Just a thought:

Hypothesis:

Market = Action of collective market participants.
Collective Market Participants = Collective psychology of Market Participants
Collective Psychology = Collective Perception, Interpretation & Decision.



STAGE A
Collective Perception

=
Collectively perceived Market Price Action + Use of Indicators + Ways they are used.




i.e. PRICE ACTION – RECEIVED MODE Or INCOMING?


STAGE B
Collective Interpretation

=
How the collective Perception perceived and collectively drawn understanding – of the Market, the Price, the indicator, etc.
i.e. Use of all indicators including Candle sticks and Chart patterns?

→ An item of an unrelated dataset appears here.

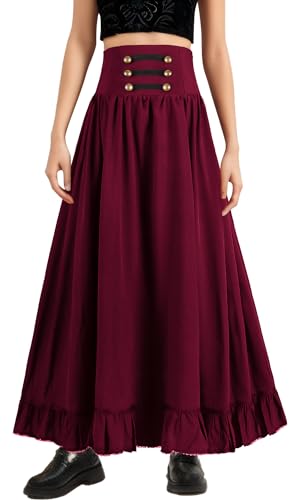 SEAUR Damen Viktorianisch Gothic Steampunk Midirock Hohe Taille Halblanger Rock Lockerer Swing Maxirock für Party Rot S von SEAUR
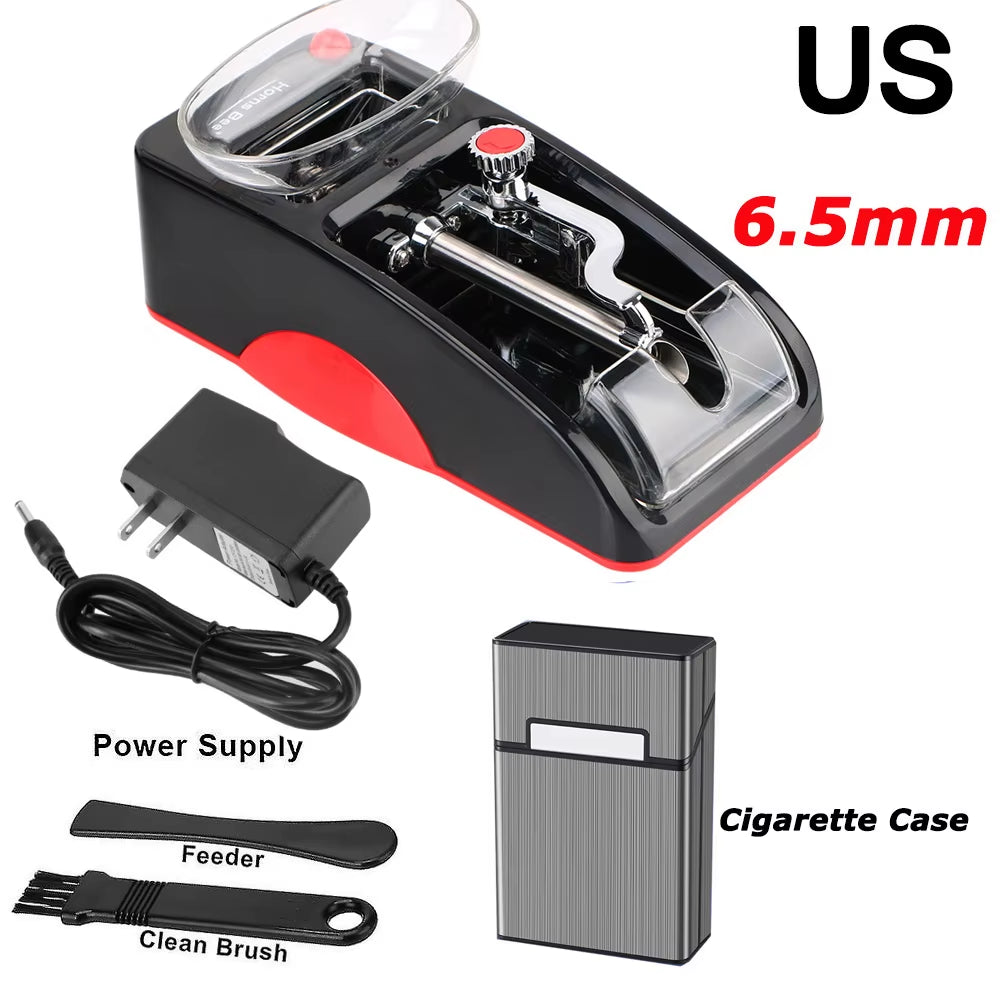 6.5/8Mm Cigarette Rolling Machine Electric Automatic Injector Maker Smoke Tool EU US Plug Tobacco Roller DIY Smoking Accessories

i.e. PRICE ACTION – OPEN MODE Or READING?

STAGE C
Collective Decision

=
Collective Actions drawn/as a result of STAGE A & B.


i.e. PRICE ACTION – SENT MODE Or OUTGOING?

If my hypothesis is even slightly closer to what I have depicted above in 3 different stages, then could I pose these questions? –

1) ALL PRICE ACTIONS and ALL INDICATORS ARE LAGGING.
2) IF NOT, THEN ALL PRICE ACTIONS AND ALL INDICATORS ARE NOT LAGGING.
3) WHAT IF ALL THE MARKET (OR MAJORITY) PARTICIPANTS FOLLOW ONLY ONE INDICATOR – HOW ACCURATE
THE PREDICTION OF THE MARKET PRICE WOULD BE?

… I wonder a lot, don’t you?

Anil.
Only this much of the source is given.